WHAT IS EXPECTED :: Leave out any picture and return the remaining listing below exactly as given.

──────── SOURCE MATERIAL

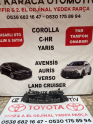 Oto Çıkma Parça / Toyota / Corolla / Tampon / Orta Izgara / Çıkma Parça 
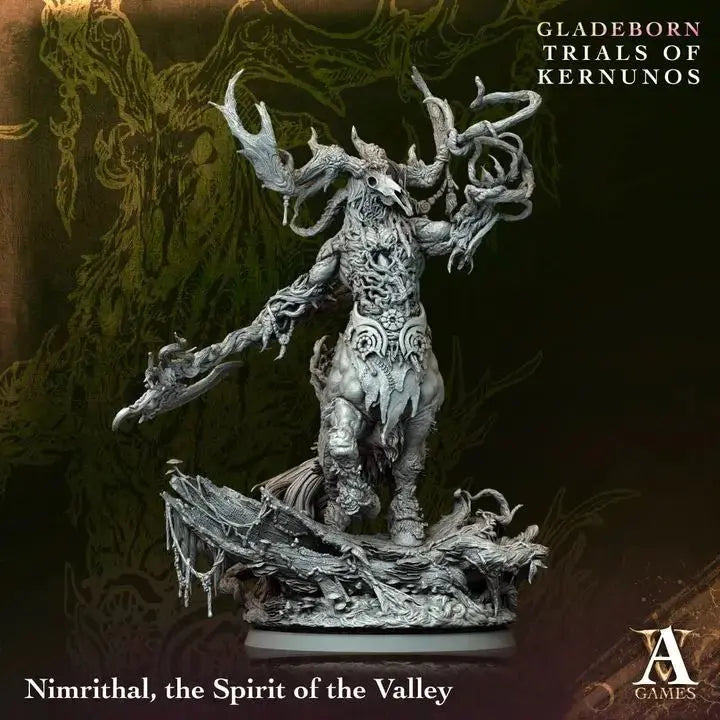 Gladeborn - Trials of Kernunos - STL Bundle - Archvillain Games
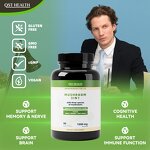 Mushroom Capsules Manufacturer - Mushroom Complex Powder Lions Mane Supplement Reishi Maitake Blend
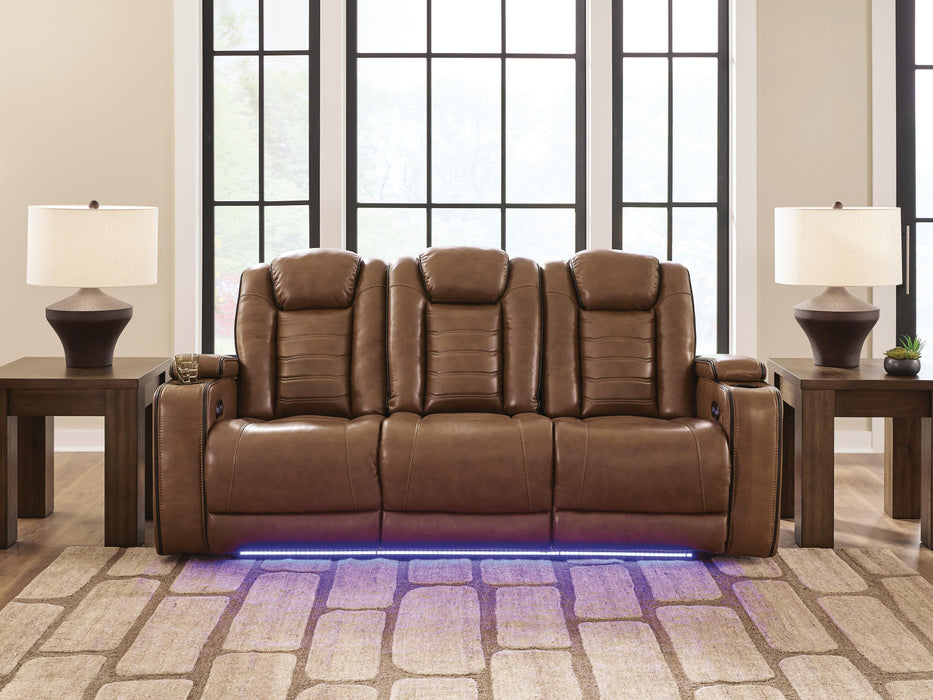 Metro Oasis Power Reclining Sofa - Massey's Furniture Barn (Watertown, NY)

────────────────

EXERCISE RESPONSE ::
 Oto Çıkma Parça / Toyota / Corolla / Tampon / Orta Izgara / Çıkma Parça 
 Gladeborn - Trials of Kernunos - STL Bundle - Archvillain Games
 Mushroom Capsules Manufacturer - Mushroom Complex Powder Lions Mane Supplement Reishi Maitake Blend
 Metro Oasis Power Reclining Sofa - Massey's Furniture Barn (Watertown, NY)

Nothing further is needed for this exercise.